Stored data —
________________

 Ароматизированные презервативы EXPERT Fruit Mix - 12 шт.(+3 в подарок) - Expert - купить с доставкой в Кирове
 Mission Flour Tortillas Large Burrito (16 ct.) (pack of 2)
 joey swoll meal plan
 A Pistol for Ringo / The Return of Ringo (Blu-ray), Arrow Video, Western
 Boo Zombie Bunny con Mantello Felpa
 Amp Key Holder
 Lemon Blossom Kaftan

________________

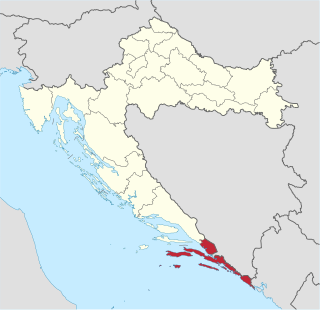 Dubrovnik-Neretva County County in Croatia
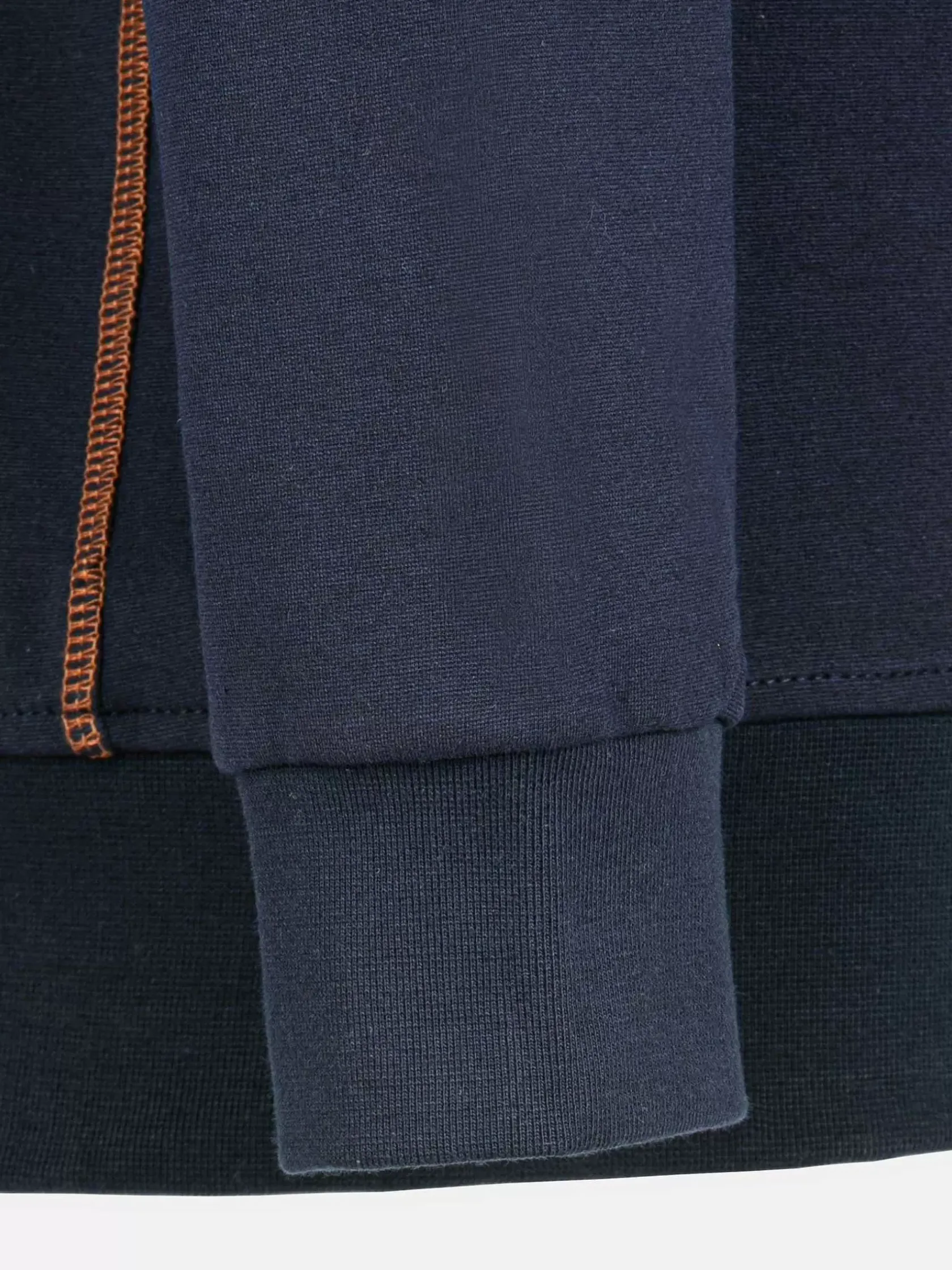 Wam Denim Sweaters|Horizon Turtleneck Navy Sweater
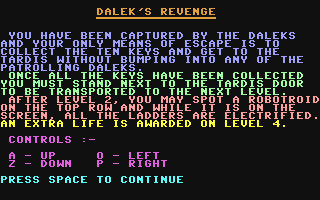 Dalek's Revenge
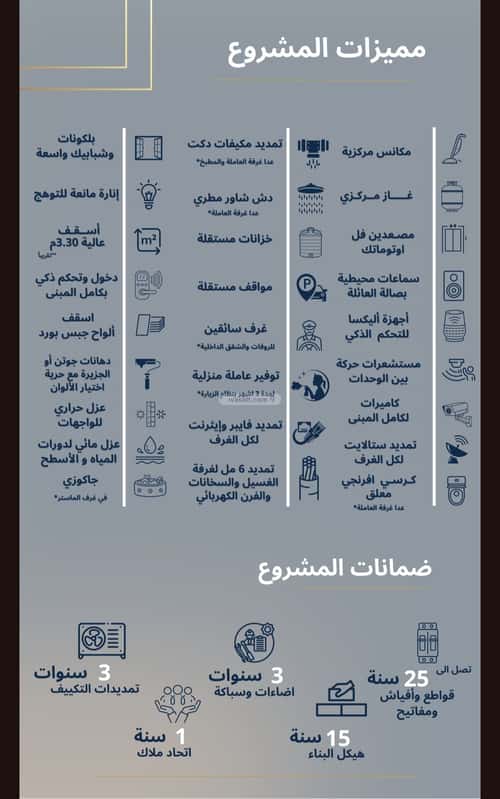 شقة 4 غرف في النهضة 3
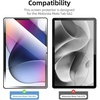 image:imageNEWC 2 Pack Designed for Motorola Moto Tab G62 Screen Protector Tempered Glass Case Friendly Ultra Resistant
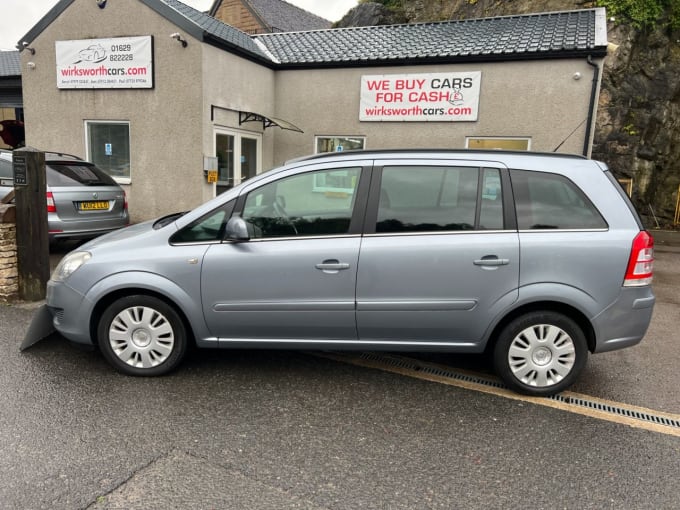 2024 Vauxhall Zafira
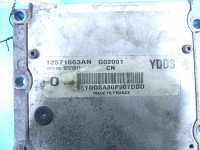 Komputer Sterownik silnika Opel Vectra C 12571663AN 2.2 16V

________________

EXERCISE INSTRUCTIONS — Output only an exact transcription of the lines above from the one with "Ароматизированные презервативы EXPERT" up to and including the one with "Lemon Blossom Kaftan".

EXERCISE RESPONSE —
 Ароматизированные презервативы EXPERT Fruit Mix - 12 шт.(+3 в подарок) - Expert - купить с доставкой в Кирове
 Mission Flour Tortillas Large Burrito (16 ct.) (pack of 2)
 joey swoll meal plan
 A Pistol for Ringo / The Return of Ringo (Blu-ray), Arrow Video, Western
 Boo Zombie Bunny con Mantello Felpa
 Amp Key Holder
 Lemon Blossom Kaftan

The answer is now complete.